Or advint qu’en la propre semaine que le roi de Castille se délogea, lui et toutes ses gens, du siége de Lussebonne, entrèrent au hâvre de Lussebonne trois grosses nefs chargées de gens d’armes anglois et archers ; et pouvoient être en somme environ cinq cens, que uns que autres ; et vous dis que les trois parts étoient compagnons aventureux hors de tous gages, de Calais, de Chierbourch, de Brest en Bretagne et de Mortaigne en Poitou, lesquels avoient ouï parler de la guerre du roi de Castille et du roi de Portingal.

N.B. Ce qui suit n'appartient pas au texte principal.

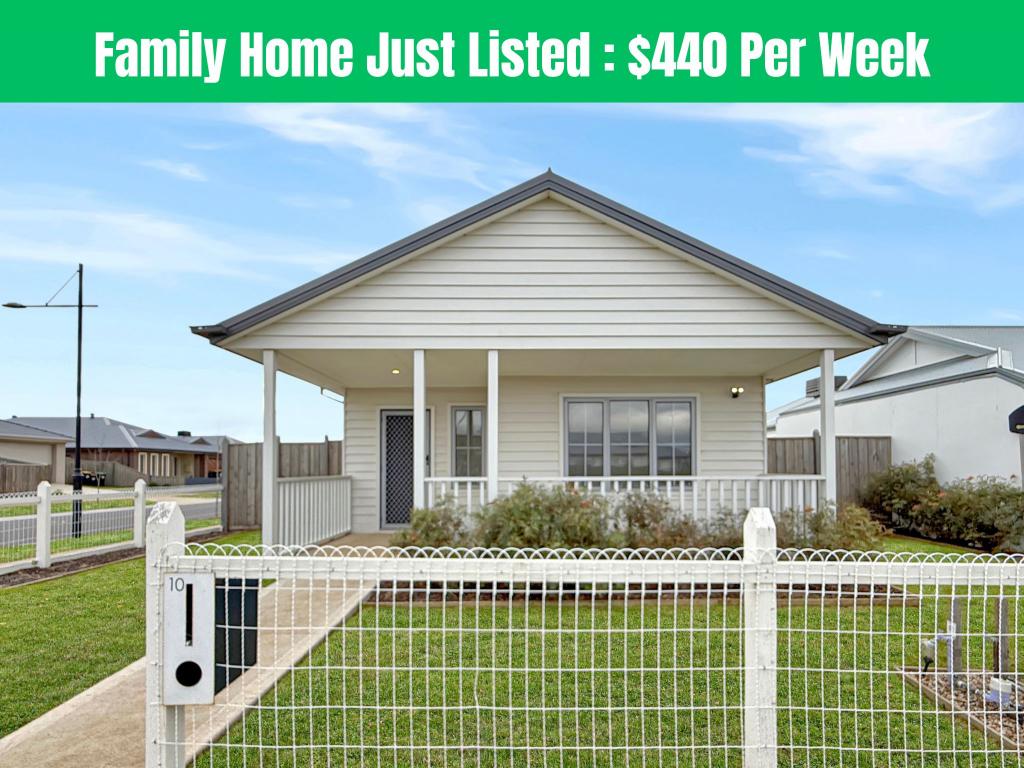 10 Lawler Rd, Eynesbury, VIC 3338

Si étoient venus à Bordeaux et là assemblés, et disoient et avoient dit : « Allons-nous-en à l’aventure en Portingal ; nous trouverons là qui nous recevra et embesognera. » Messire Jean de Harpedane, qui pour le temps étoit sénéchal de Bordeaux, leur avoit grandement conseillé, car point ne vouloit qu’ils s’amassassent au pays de Bordelois pour demeurer, car ils y pouvoient plus faire de maux que de biens, pour ce que ils étoient tous compagnons aventureux qui n’avoient qu’à perdre.

De tous ceux qui pour ce temps arrivèrent à Lussebonne, je n’y ouïs nommer nul chevalier, mais trois écuyers anglois qui étoient leurs capitaines. L’un appeloit-on Nortberry, l’autre Marteberry et le tiers Huguelin de Hartecelle ; et n’y avoit nul de ces trois qui n’eût d’âge plus de cinquante ans ; lesquels étoient bons hommes d’armes et tous stilés et usagés de fait de guerre.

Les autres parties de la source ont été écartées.